When is an SUV not an SUV? Automakers fear 2023 EV tax credits may confuse car buyers
When is an SUV not an SUV? It depends on who you're asking — and it's a question consumers interested in the newly expanded clean vehicle tax credit should look at carefully, since it's the IRS that decides whether or not the cars they just bought will qualify. The answer may not be as simple as it seems.
The Inflation Reduction Act, the tax, climate and health care law enacted last year, includes a key tax credit for new (up to $7,500) and used (up to $4,000) clean vehicle purchases. To meet the requirements for the tax credit, vehicles in service after Dec. 31, 2022 must meet MSRP limits based on body type and weight and must undergo final assembly in North America. The Treasury Department is set to release additional guidelines on battery source requirements in March, but for now, it's the vehicle classification requirement that's making some car companies uneasy.
The potential confusion for consumers begins with how vehicles are classified. For example, Cadillac's new Lyriq EV qualifies for the clean vehicle tax credit under IRS guidelines — but only as a car, not as an SUV. Cadillac markets the Lyriq as an SUV, but under its current classification as a car, and with an MSRP just over $62,000, the vehicle is cut out of the key tax credit. That's because cars and other vehicles with an MSRP of up to $55,000 qualify for the credit. The Lyriq would be eligible for a tax credit at its sticker price only if it were classified as a clean-energy SUV, pickup truck or van, which tops out at an MSRP of $80,000.
A Treasury official told CBS News that the agency did not create new vehicle classification guidelines but instead used current Corporate Average Fuel Economy (CAFE) standards to determine vehicle types and their eligibility for the tax credit. The official stressed that car makers are already aware of how vehicles are classified under government guidelines.
That explanation may confuse potential electric car consumers, but a Treasury official stressed government regulations offer "clear criteria" for outlining differences between SUVs and cars. According to Kelly Blue Book, some vehicles may not have the right measurements, angles, drivetrain (ex; all-wheel-drive), or minimum weight to meet the government guidelines to qualify as an SUV for the tax credit. The Lyriq doesn't meet the weight requirement, which is 6,000 pounds, nor does it have all-wheel-drive.

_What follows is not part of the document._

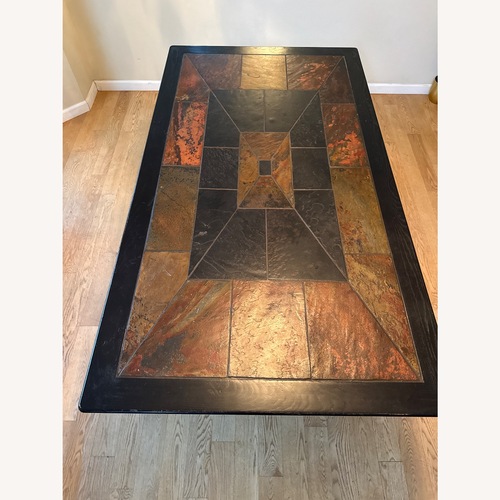 Used Scandinavian Designs Mid-Century Modern Slate Stone Dining Table for sale on AptDeco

And some automakers are complaining that different departments in the federal government aren't listing vehicles in a consistent manner. For instance, GM, the parent company of Cadillac, is pushing back on the Lyriq's classification and has asked the Treasury Department to reconsider its stance.
"[The] Cadillac Lyriq is a U.S., union-built electric vehicle that is currently ineligible for the tax credit, a GM spokesperson told CBS News in a statement. "The tax credit for electric SUVs has a MSRP cap at [$80,000]. However, while the Cadillac Lyriq is listed as an SUV by the Environmental Protection Agency and Department of Energy on fueleconomy.gov, the Department of Treasury, which administers the tax credit, currently classifies Lyriq as well as a number of vehicles manufactured by other car makers as passenger cars," the statement said.
GM isn't the only company upset about the tax credit classification. Tesla CEO Elon Musk has also expressed his discontent in a tweet last week.
Tesla's five-seat version of the Model Y did not qualify for the SUV MSRP cap because it's classified as a passenger car on the IRS website. But the seven-seat Model Y does meet the $80,000 MSRP qualification. However, the baseline price for the Model Y is now just over $52,000 after Tesla cut prices of some of its vehicles this month, which would bring it under the $55,000 limit for passenger cars. An IRS fact sheet notes that vehicle descriptions on window price stickers or those on fueleconomy.gov may not line up with the vehicle classification for the tax credit.
Other carmakers, like Volkswagen and Ford, also have vehicles marketed as SUVs that qualify for the tax credit, but the IRS classifies them as cars. Unlike the Lyriq, however, the Ford Escape plug-in hybrid and Volkswagen ID.4, both have starting prices below the $55,000 MSRP limit for passenger cars, so they will qualify for the tax credit anyway.
But even if the vehicle is eligible, the car buyer may not be. The IRS has set income requirements for both new and used EV vehicle purchases, allowing couples with an annual joint income of $300,000 to claim the credit, as well as individuals making up to $150,000 and heads of households with a maximum income of $225,000.
There are lower income requirements for used vehicles: a $150,000 maximum adjusted gross income for married couples, $112,500 for heads of households and $75,000 for all others.
An IRS web page notes that more qualified clean vehicles will continue to be added on an ongoing basis.